Back in the day, the record label would finance artist’s project up front in the form of an advance. The advance usually amounted to a loan which the artist had to repay. The record label would finance the recording, distribution and promotion of the artist project and then “recoup” the money after the project started selling. Although it seems fair on the surface, the record label would charge the artist for much more than what the record label provided. The record label would not only bill the artist for the things mentioned above, but they would deduct artist royalties for damaged goods, record club discounts and a wealth of other expenses. In addition the record label would take these deductions from the artists’ gross earnings.
Although the record label would allow an artist to audit the record company’s books, many artists didn’t conduct any audits. Artists were generally afraid of angering the record labels by asking the record labels to show the expenses and deductions in writing. This justifiable fear kept artist’s in their place – under the record labels’ control.
Today with digital technology, the power is shifting into the hands of the artist
There’s a new trend in the music business that has record labels sweating in the boardroom. This new trend is called “Do It Yourself” (D.I.Y.). With Digital Technology anyone can start a record label and have a personal studio on their computer. There are a number of free or (very inexpensive) studio recording software applications that allow an artist to record and distribute their own material without the help or control of any other record label.

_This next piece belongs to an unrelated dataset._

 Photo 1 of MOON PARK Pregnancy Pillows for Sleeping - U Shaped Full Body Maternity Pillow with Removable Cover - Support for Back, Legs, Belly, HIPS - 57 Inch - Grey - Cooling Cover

An artist can easily promote and sell their CD’s and MP3’s online at thousands of internet sites. In addition there are many new web hosting services that allow an artist to have a website dedicated to promoting their and selling their music to the growing online community.
There are hundreds of artists making a living selling their music online. Think about it, if you sold 20,000 CD’s online at $10, you’d earn $200,000. If you sold 20,000 for a record label you’d be in debt and you’d face the risk of being dropped from the record label.
By recording, distributing, promoting and selling your music yourself, you control your destiny. Today an artist can control their expenses, track their deductions and not live in fear of any record company.
Today the power is in the artist hand of the artist’s.